NEW YORK: US crude futures fell more than 99% on Monday to the lowest price on record as storage space for US crude was filling up, discouraging buyers, even as weak economic data from Germany and Japan cast doubt on when fuel consumption will recover.

Physical demand for crude oil has dried, creating global oversupply as billions of people stay home to slow the spread of the new coronavirus.

The US WTI contract. USA May fell $ 17.37, or 99%, to $ 0.15 a barrel at 1.50 PM EDT after hitting a record low of $ 2.26. Brent fell $ 1.76, or 6.3%, to $ 26.32 per barrel.

The June WTI contract is more actively trading at a much higher level of $ 22.25 a barrel. The spread between May and June was more than $ 19, the widest in the history of the two closest monthly contracts. Investors pulled out of the May contract before it expired on Monday due to lack of demand for real oil.

When a futures contract expires, traders must decide whether to accept the oil delivery or move their positions to another futures contract for a later month. This process is generally relatively straightforward, but this time, there are very few counterparties that will buy from investors and receive oil. Storage is rapidly filling at Cushing in Oklahoma, which is where the crude is delivered.

“There is no offer for the May WTI as there is no buyer and we have yet to see a significant reduction in supply in Cushing to make up for it,” said Scott Shelton, energy specialist at United ICAP.

Refineries are processing far less crude than normal, so hundreds of millions of barrels have entered storage facilities worldwide. Merchants have hired ships to anchor them and fill them with excess oil. A record 160 million barrels is found in tankers worldwide.

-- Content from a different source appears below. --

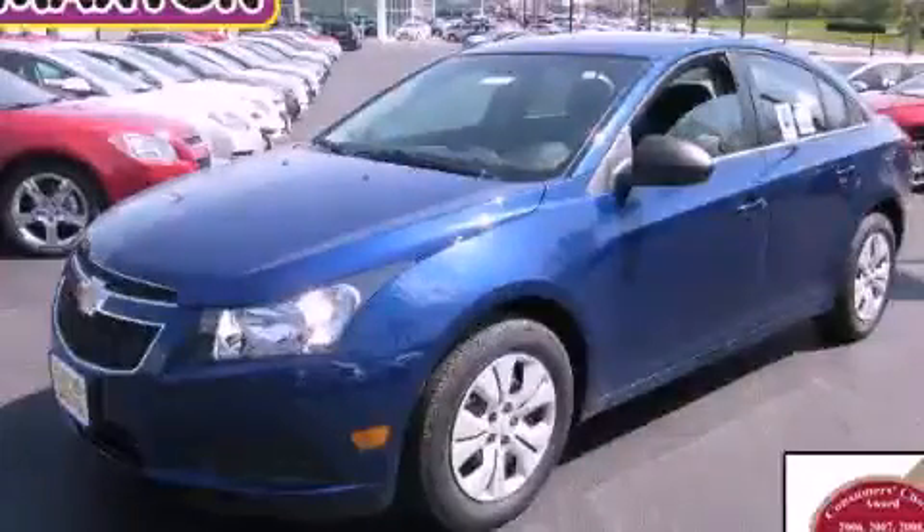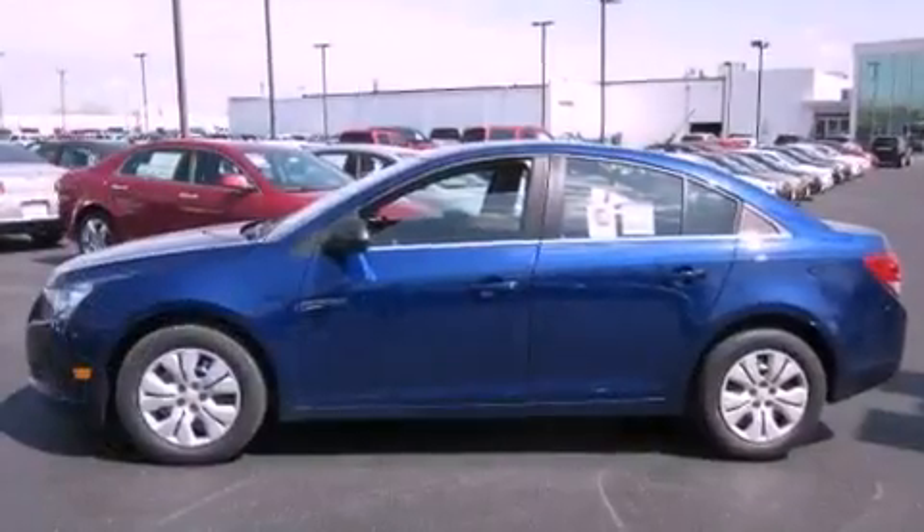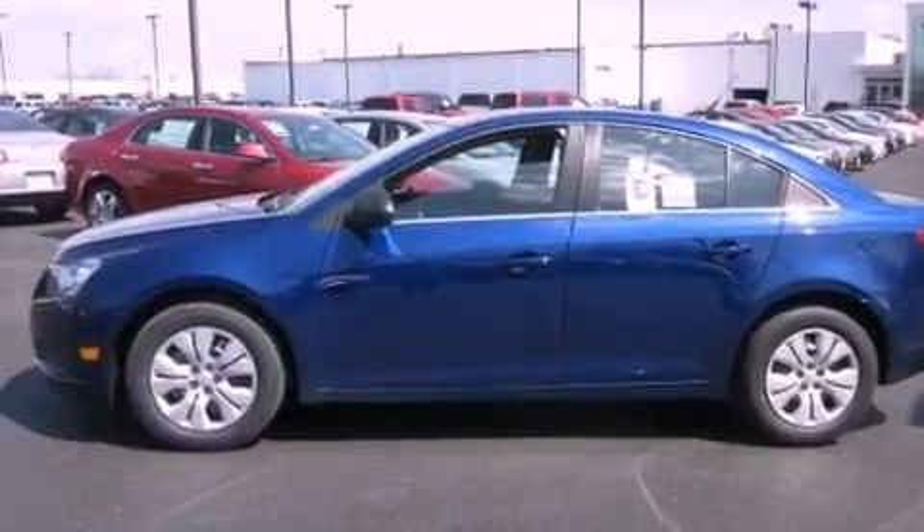This is a brand-new 2012 Chevrolet Cruze. It has a 1.8-liter four-cylinder engine and a manual transmission.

US crude oil reserves at Cushing rose 9% in the week to April 17, totaling about 61 million barrels, market analysts said, citing a Monday report from Genscape. “The warehouse is too full for speculators to buy this contract and the refineries are operating at low levels because we have not lifted requests to stay home in most states,” said Phil Flynn, analyst at Price Futures Group in Chicago.

“There is little hope that things will change in 24 hours.” Many investors may have been duped by what appeared to be a very low oil price and did not consider the monthly maturity of futures contracts, Commerzbank analyst Carsten Fritsch said.

Prices have been under pressure for weeks with the coronavirus outbreak hitting demand, while Saudi Arabia and Russia fought a price war and pumped more. The two sides agreed more than a week ago to cut supply by 9.7 million bpd, but that will not quickly reduce global excess. Brent oil prices have collapsed around 60% since the beginning of the year, while US crude oil futures have fallen around 95%, to levels well below the equilibrium costs necessary for many oil shale drillers. This has led to drilling stops and drastic cost cuts.


Weak global economic data also put pressure on prices. The German economy is in a severe recession and the recovery is unlikely to be swift as coronavirus-related restrictions could remain in place for an extended period, the Bundesbank said. Japanese exports declined the most in nearly four years in March as shipments to the United States, including cars, fell at their fastest pace since 2011. Mood in other markets was also cautious as the first quarter earnings season.

Analysts expect STOXX 600 companies to post a 22% drop in earnings, which would represent the biggest decline since the 2008 global financial crisis, IBES data from Refinitiv showed. Halliburton Co, which generates most of its oil business in North America, teamed up with its biggest rival, Schlumberger, to receive first-quarter impairment impacts and cast a bleak outlook for North America.

Canada, the world’s fourth largest oil producer, has started to slow production, but analysts say the biggest cuts are yet to come. Russia’s energy ministry has told national oil producers to cut oil production by about 20% from their February average levels, two industry sources told Reuters, which would bring Moscow in line with its commitment under a global agreement.